I'm new at this forum and I'm new in the photography field too. I recently (I have like 4 or 5 days) made a blog conserning photography and I would really like it to succeed because I'm really passionate about it. I post the link here and I'm all ears to hear how it looks to you and also suggestions about improving it!
I'm looking forward to your answers.
The Photographer


----------



## cnutco (Oct 5, 2011)

Do you have any photos that are yours?


----------



## bennielou (Oct 5, 2011)

I hope you are asking the photographers for permission to post their copywrited photos to your blog.......just sayin.....


----------



## mariastergiou (Oct 5, 2011)

I have photos of mine but I am a little shy to put them now that is the beginning.
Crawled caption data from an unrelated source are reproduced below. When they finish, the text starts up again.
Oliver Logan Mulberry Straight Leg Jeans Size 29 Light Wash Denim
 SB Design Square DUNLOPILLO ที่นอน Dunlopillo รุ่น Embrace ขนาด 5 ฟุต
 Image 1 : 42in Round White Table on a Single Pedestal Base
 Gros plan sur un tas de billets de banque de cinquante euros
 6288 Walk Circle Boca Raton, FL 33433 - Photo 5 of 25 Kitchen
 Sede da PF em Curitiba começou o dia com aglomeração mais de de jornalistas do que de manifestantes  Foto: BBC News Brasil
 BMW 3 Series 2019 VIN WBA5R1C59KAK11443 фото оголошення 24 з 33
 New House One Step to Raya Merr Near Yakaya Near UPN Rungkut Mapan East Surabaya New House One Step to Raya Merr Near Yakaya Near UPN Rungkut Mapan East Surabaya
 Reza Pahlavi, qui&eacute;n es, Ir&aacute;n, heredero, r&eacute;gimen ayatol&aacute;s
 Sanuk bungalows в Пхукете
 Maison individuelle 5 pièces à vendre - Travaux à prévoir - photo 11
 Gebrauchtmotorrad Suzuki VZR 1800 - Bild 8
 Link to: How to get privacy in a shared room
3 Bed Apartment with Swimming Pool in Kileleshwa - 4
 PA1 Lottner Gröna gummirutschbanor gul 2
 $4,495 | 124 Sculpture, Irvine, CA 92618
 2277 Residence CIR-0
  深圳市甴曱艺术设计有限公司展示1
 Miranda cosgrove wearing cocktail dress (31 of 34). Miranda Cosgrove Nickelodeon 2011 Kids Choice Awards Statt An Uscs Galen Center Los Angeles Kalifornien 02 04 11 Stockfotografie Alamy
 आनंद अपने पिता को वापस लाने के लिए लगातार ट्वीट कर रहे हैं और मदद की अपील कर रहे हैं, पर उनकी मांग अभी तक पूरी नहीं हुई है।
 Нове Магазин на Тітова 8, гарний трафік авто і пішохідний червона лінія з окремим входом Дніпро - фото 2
You think is a better idea to start with them?
And bennielou when I use photos that aren't mine I always write the site and the photographer i took them from and i post link so that the people who she it can go there and see them on the official site.


----------



## bennielou (Oct 5, 2011)

It's not quite the same.  You really need to ask permission.  Most likely the photographer would be flattered.  It's not a requirement. It's just the courteous thing to do.  It also allows the photog to view what is being viewed and said.

Hope that makes sense.


----------



## rfarrenphoto (Oct 5, 2011)

Yes i would really go to the photographer to ask if it is to post other peoples work on your site. I know I wouldn't be too happy.


----------



## mariastergiou (Oct 5, 2011)

Oh I thought it was legal when you something like bibliography and you tell that it is not yours and whose it is where you took it from etc. It is not?
And how can i find photographers from National Geographic or random sites where i see pictures?


----------



## bennielou (Oct 5, 2011)

Yes, it's legal.  However, it would be nice to contact the photographer.  You never know, you just might gain some great relationships with people.
Everyone of the photographers you put on your site has a website.  Just contact them.  They will be appreciative, and you might get to know some wonderful people.


----------